Where Disney added depth to their source material a few movies later with Beauty and the Beast, they remove it here. In their version, the woman who takes Eric away from Ariel is actually the evil sea witch in disguise and he marries her against his will. In Andersen, she’s just another woman who doesn’t mean to hurt anyone, but who the prince loves more, because that’s just how life is sometimes. By the time we get to a silly scene of cartoon sea critters disrupting the wedding and Ursula turning into a bug-eyed harridan, Andersen must have been turning his grave into a wind tunnetl. And knowing that his story comes from a personal place of Andersen’s closeted longing for his male friend, turning it into a simple Hollywood romance seems something close to criminal.
That’s not to say we’re looking at a case of straightwashing. Ashman was a veteran of New York’s gay underground, and I can’t blame him for wanting to give this story a happy ending at the height of the AIDS panic, to the extent we can consider him one of the auteurs behind it. I know he’s responsible for the wonderfully camp drag-queen character of Ursula.
And as Lindsay Ellis and others have pointed out, the story of a girl who escapes her overbearing father and her own body to find love in a world he’s told her is evil is just as ripe for queer readings as the short story.

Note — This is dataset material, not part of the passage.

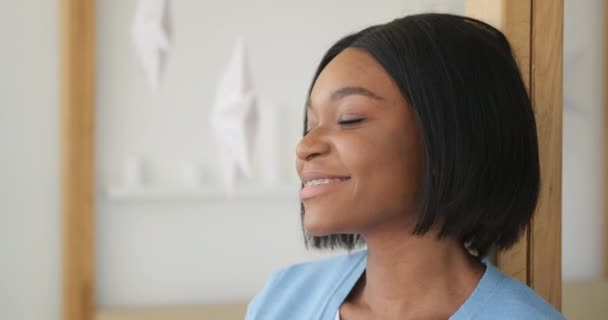 Mulher bonita com aparelho nos dentes — Vídeo de Stock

And as much as I’ve nitpicked the animation, it’s not hard to see why it signaled Disney’s return to the top of the heap in 1989. Yes, Ariel’s facial features float all over her head when she rescues Eric from the shipwreck, and yes, Ursula only has six tentacles because eight was too hard to draw. But just look at them all move. The underwater setting means nothing can stop moving, and even if the animators cheat on the hair a little (it never stands straight up like it would in real life), they’re painstakingly faithful to their own invented laws of physics. For the first time in decades, Disney was paying attention to these small details. Even the most insignificant of all, the thousands of bubbles that trail the characters wherever they go, are mesmerizing to watch. So are the hundreds of water droplets that fall off Ariel’s face when she surfaces, or the hairs on Eric’s big, shaggy dog. Just compare the hand-painted fireworks to The Rescuers, where they just plonked some live-action ones on top of the painted backdrop. Disney still had a long way to go to reach the heights of The Lion King and Beauty and the Beast, but The Little Mermaid showed it was well on its way there.